As technology develops, a clock signal of a system including the semiconductor memory device has increasingly higher frequency. An input speed of data to the semiconductor memory device is consequently increased. Accordingly, an operating margin of the data input circuit is decreased. An operating margin for a domain crossing, i.e., a time margin for aligning the data based on the aligning signals and transmitting the data in response to the data transmitting signal DP, is also decreased.
According to conditions of a manufacturing process or the level of temperatures and supply voltages during operation, operation performance characteristics of the semiconductor memory device will change. At a high clock signal frequency, even if the operation performance only changes a little, the data input circuit of the semiconductor memory device may nevertheless operate in excess of its operating margin. It is possible that the data input circuit will operate abnormally because the data input circuit can not perform required operations within the necessary amount of time. In particular, within the necessary amount of time, the margin that the clock buffer generates and transmits the data transmitting signal may be absolutely insufficient.

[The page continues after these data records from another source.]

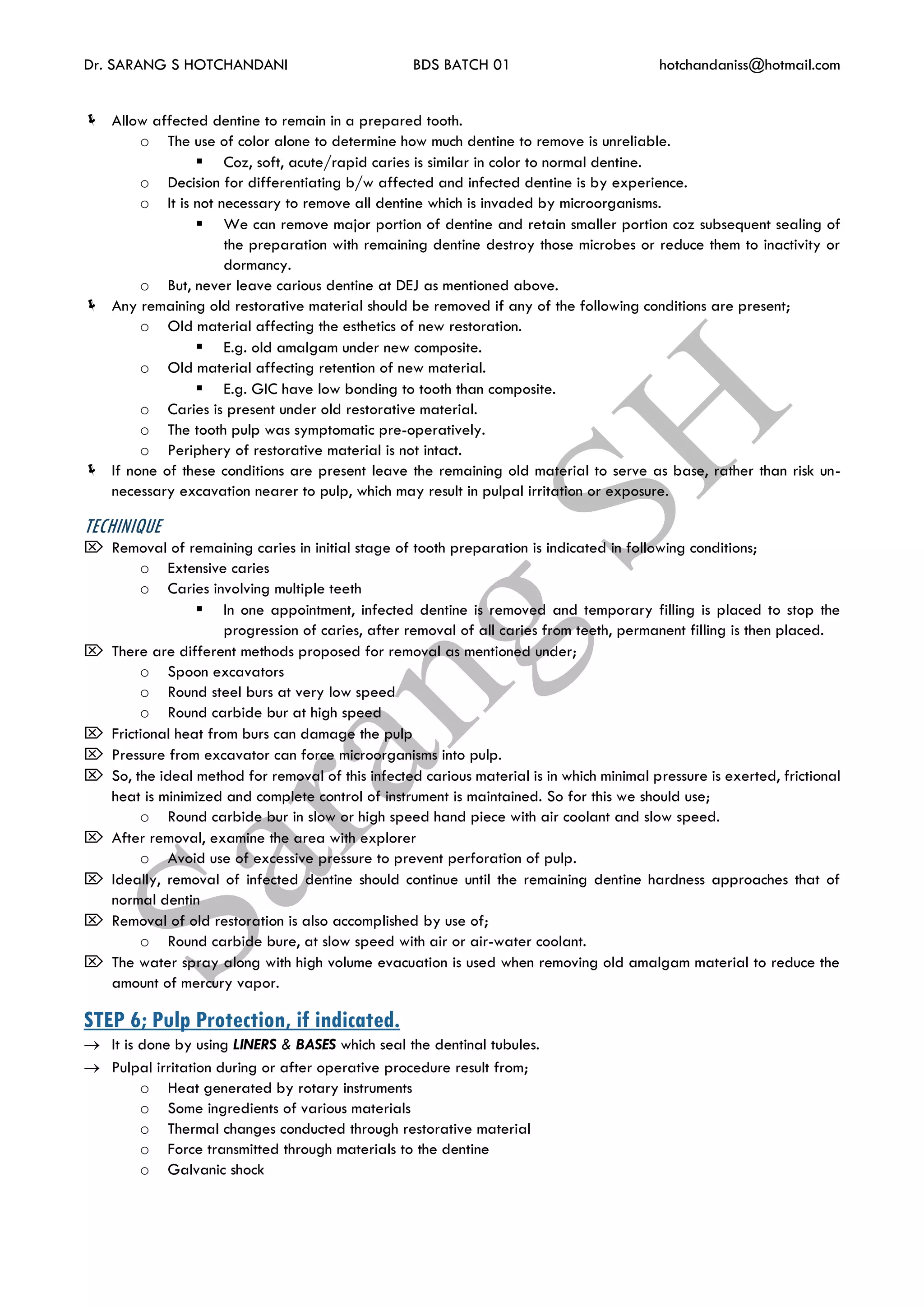 Dr. SARANG S HOTCHANDANI BDS BATCH 01 hotchandaniss@hotmail.com
 Allow affected dentine to remain in a prepared tooth.
o The use of color alone to determine how much dentine to remove is unreliable.
 Coz, soft, acute/rapid caries is similar in color to normal dentine.
o Decision for differentiating b/w affected and infected dentine is by experience.
o It is not necessary to remove all dentine which is invaded by microorganisms.
 We can remove major portion of dentine and retain smaller portion coz subsequent sealing of
the preparation with remaining dentine destroy those microbes or reduce them to inactivity or
dormancy.
o But, never leave carious dentine at DEJ as mentioned above.
 Any remaining old restorative material should be removed if any of the following conditions are present;
o Old material affecting the esthetics of new restoration.
 E.g. old amalgam under new composite.
o Old material affecting retention of new material.
 E.g. GIC have low bonding to tooth than composite.
o Caries is present under old restorative material.
o The tooth pulp was symptomatic pre-operatively.
o Periphery of restorative material is not intact.
 If none of these conditions are present leave the remaining old material to serve as base, rather than risk un-
necessary excavation nearer to pulp, which may result in pulpal irritation or exposure.
TECHINIQUE
 Removal of remaining caries in initial stage of tooth preparation is indicated in following conditions;
o Extensive caries
o Caries involving multiple teeth
 In one appointment, infected dentine is removed and temporary filling is placed to stop the
progression of caries, after removal of all caries from teeth, permanent filling is then placed.
 There are different methods proposed for removal as mentioned under;
o Spoon excavators
o Round steel burs at very low speed
o Round carbide bur at high speed
 Frictional heat from burs can damage the pulp
 Pressure from excavator can force microorganisms into pulp.
 So, the ideal method for removal of this infected carious material is in which minimal pressure is exerted, frictional
heat is minimized and complete control of instrument is maintained. So for this we should use;
o Round carbide bur in slow or high speed hand piece with air coolant and slow speed.
 After removal, examine the area with explorer
o Avoid use of excessive pressure to prevent perforation of pulp.
 Ideally, removal of infected dentine should continue until the remaining dentine hardness approaches that of
normal dentin
 Removal of old restoration is also accomplished by use of;
o Round carbide bure, at slow speed with air or air-water coolant.
 The water spray along with high volume evacuation is used when removing old amalgam material to reduce the
amount of mercury vapor.
STEP 6; Pulp Protection, if indicated.
 It is done by using LINERS & BASES which seal the dentinal tubules.
 Pulpal irritation during or after operative procedure result from;
o Heat generated by rotary instruments
o Some ingredients of various materials
o Thermal changes conducted through restorative material
o Force transmitted through materials to the dentine
o Galvanic shock
 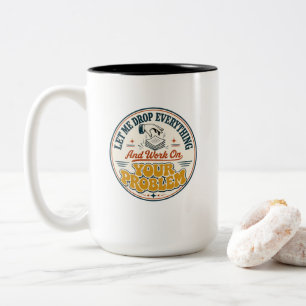 Tasse 2 Couleurs Lâchez Tout et Travaillez sur Vos Problèmes dans l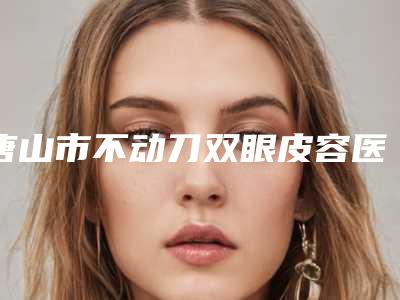 唐山市不动刀双眼皮容医院-唐山惠美登医疗美容诊所是明星医生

In addition, a ring back of a clock signal can be caused at high frequencies, which results in malfunctioning of the data input circuit. This is illustrated at point A3 in FIG. 2. The ring back represents that the transition of the data strobe signal is dominated by noise. If the transition of the data strobe signal occurs without any data input, defective data can be transmitted to the data storage area through the data input circuit. As the input margin of the data transmitting signal, which is input to the data transmitter, is decreased, ring back has more influence on operation. Thus, normal data may be substituted with faulty data.